Ob Ulrike Meinhof noch am Leben wäre, wenn ihre Kinder den Brief bekommen und sie im Knast besucht hätten? Vielleicht wäre sie dann wirklich nicht „aus dem Leben getreten“. Sondern hätte das Leben gewählt. Und der verdammten RAF in den Arsch getreten.

Persönliche Anmerkung zu Anja Röhls stern-Artikel: ich bin von der stern-Redaktion, der ich seit Jahrzehnten angehöre, in der Sache nicht einvernommen worden. Vom Erscheinen des Stücks erfuhr ich erst am Montag dieser Woche, als es so gut wie im Druck war. Ich hätte zu seinem Inhalt einiges zu sagen gehabt.

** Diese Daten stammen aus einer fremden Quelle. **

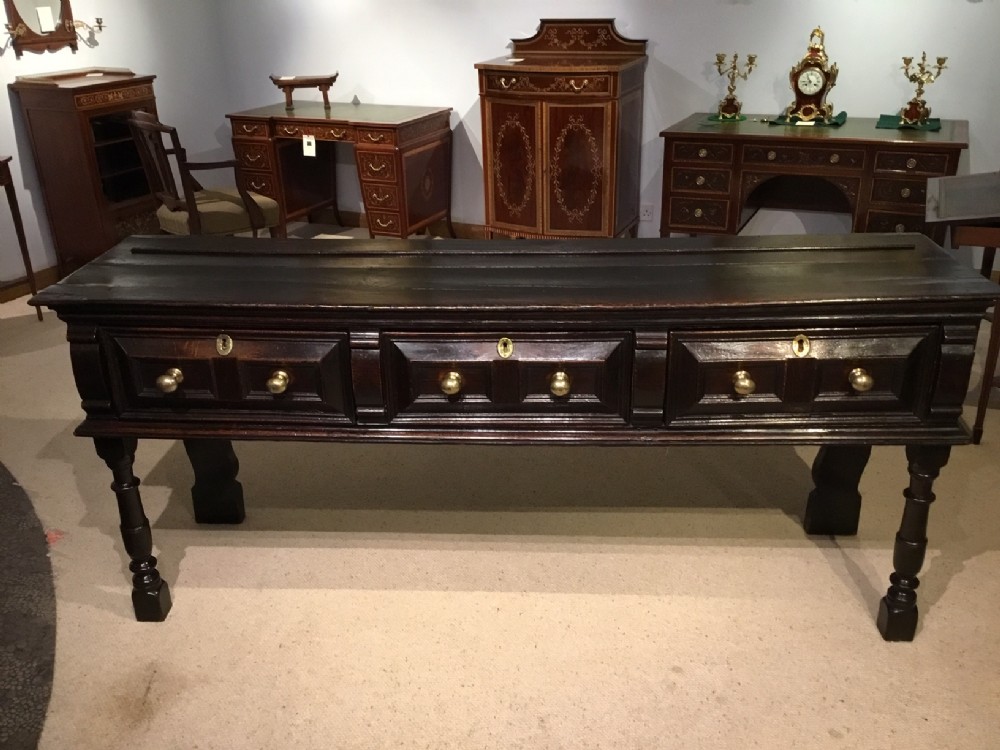 A dark oak Early 18th Century Antique dresser base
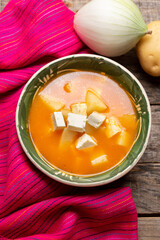 Mexican potato soup with panela cheese on wooden background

Im Haus meines Bruders kannte ich mich recht gut aus. Habe dort auch mal ein Jahr gewohnt, mit Dichtern wie Peter Rühmkorf, mit Feuilletonredakteuren, Schauspielern, Malern, Rechtsanwälten, konservativen Intellektuellen und linken Szenegrößen Partys gefeiert. Die Behauptung, dort habe eine Frauen verachtende Atmosphäre geherrscht, ist unter den vielen Falschbehauptungen des Artikels eine besonders groteske. Röhl habe Frauen oft als „Huren“ oder „Nutten“ beschimpft, sei ihnen bei jeder Gelegenheit an die Wäsche gegangen usf. Was für ein Quatsch! Der als Womanizer bekannte Röhl war auch deshalb bei Frauen hoch beliebt – erwachsenen Frauen -, weil er sie oft bediente, betüdelte und bekochte. Und nicht, weil er sie beschimpft und gedemütigt hätte. In den späten Sechzigern lernte er eine kluge, selbstbewusste Griechin kennen, die noch heute seine Lebensgefährtin ist. Inzwischen verbreiten die Gülleausbringer von der „taz“, es sei bekannt gewesen, dass Röhl „pädophil“ sei.